_Provided entries_
########

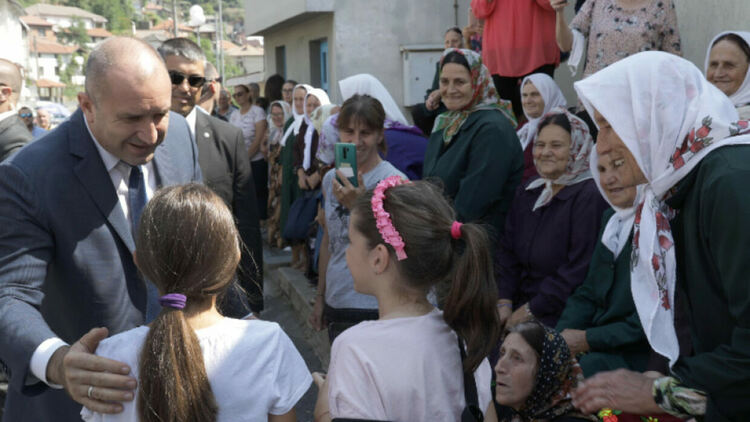 Румен Радев: Избори две в едно са срещу нашия конституционен модел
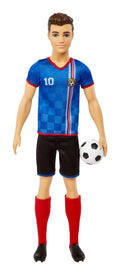 Barbie Ken Footballer Doll - Image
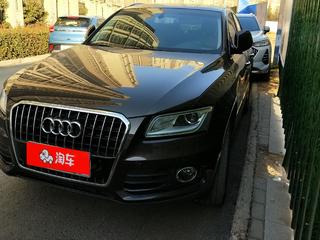 奥迪Q5 40TFSI 2.0T 自动 技术型 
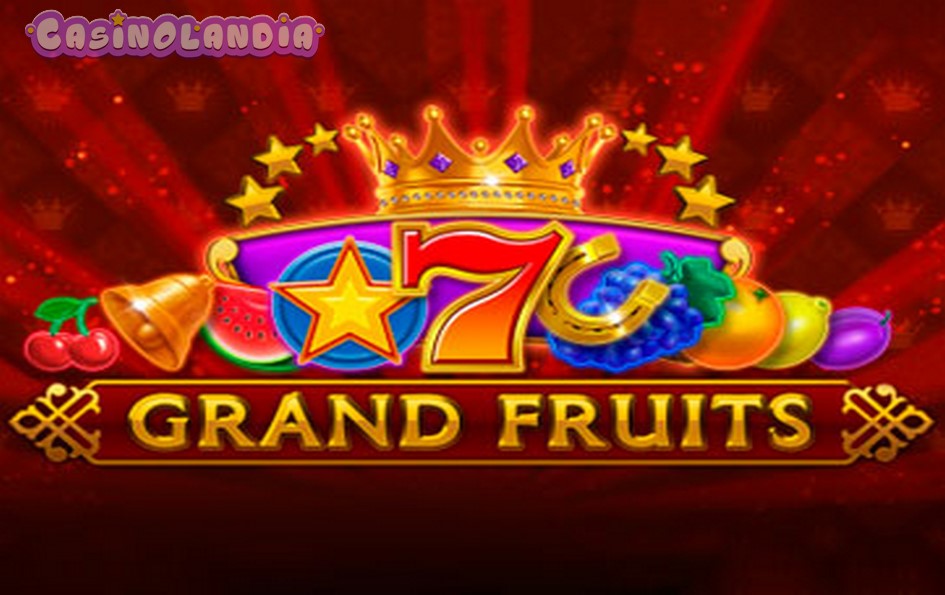 Grand Fruits by Amatic Industries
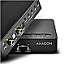 Axagon ADA-71 Soundbox True 7.1-Surround USB 2.0 extern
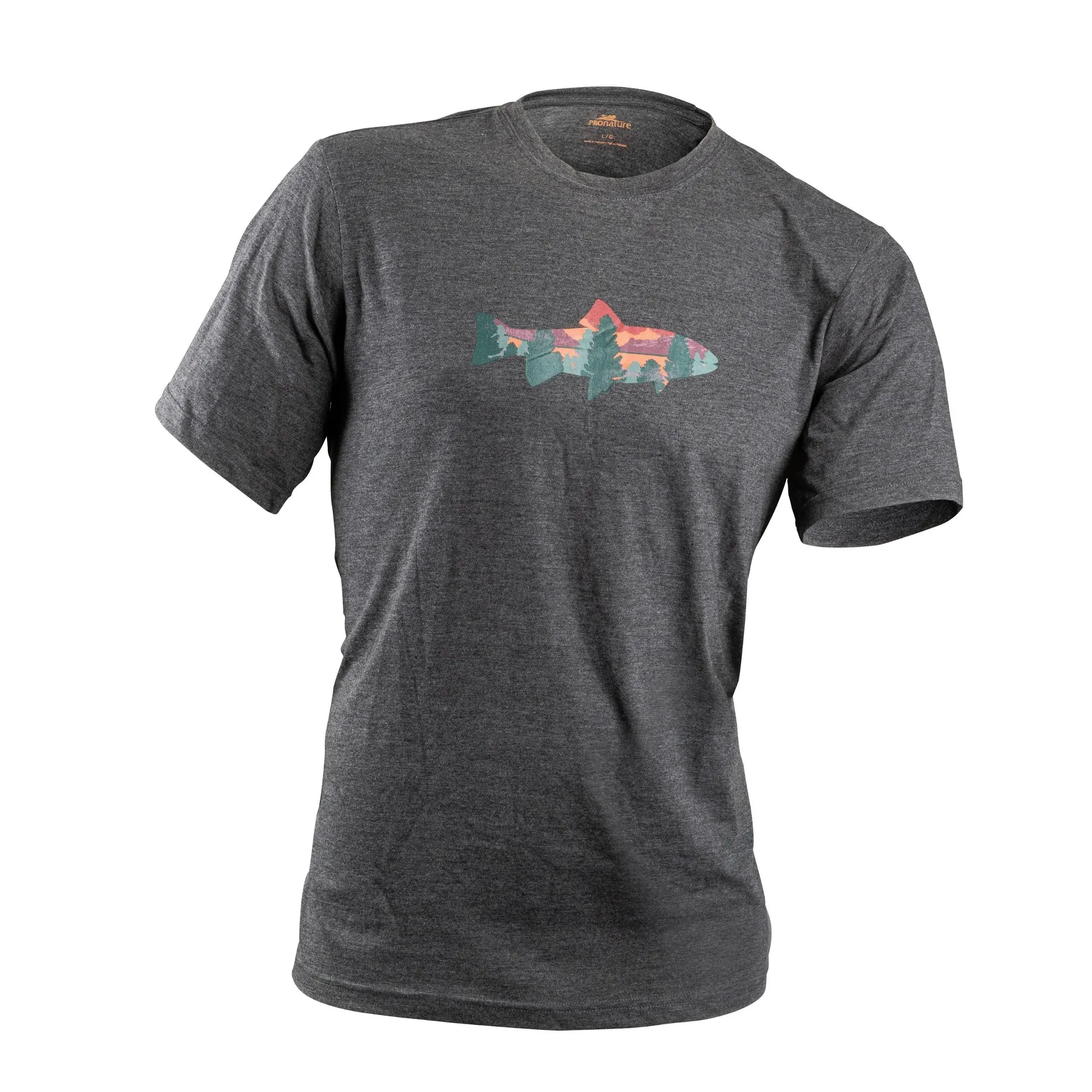 T-shirt "Look" - Homme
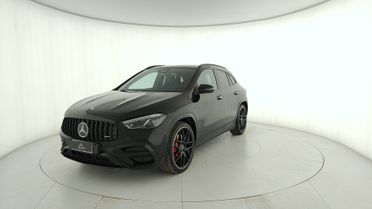 Mercedes-Benz GLA AMG 45 S AMG Line Premium Racing Collection 4matic+ auto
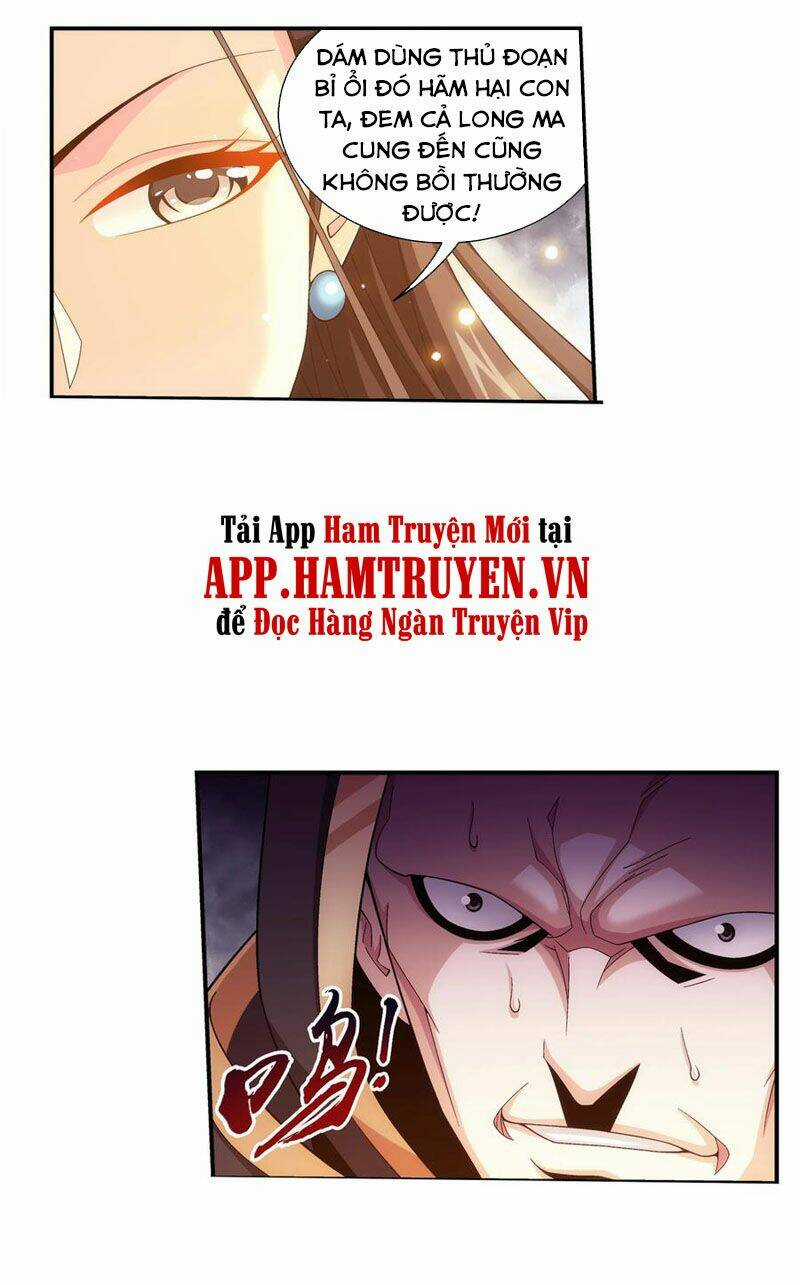 Đại Chúa Tể - Chapter 277 - Trang 10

########

Nothing but the lines from the one holding "Axagon ADA-71 Soundbox" through the last line of the listing should appear in the answer, copied exactly and without pictures.

 Axagon ADA-71 Soundbox True 7.1-Surround USB 2.0 extern
 T-shirt "Look" - Homme
 Mercedes-Benz GLA AMG 45 S AMG Line Premium Racing Collection 4matic+ auto
 Đại Chúa Tể - Chapter 277 - Trang 10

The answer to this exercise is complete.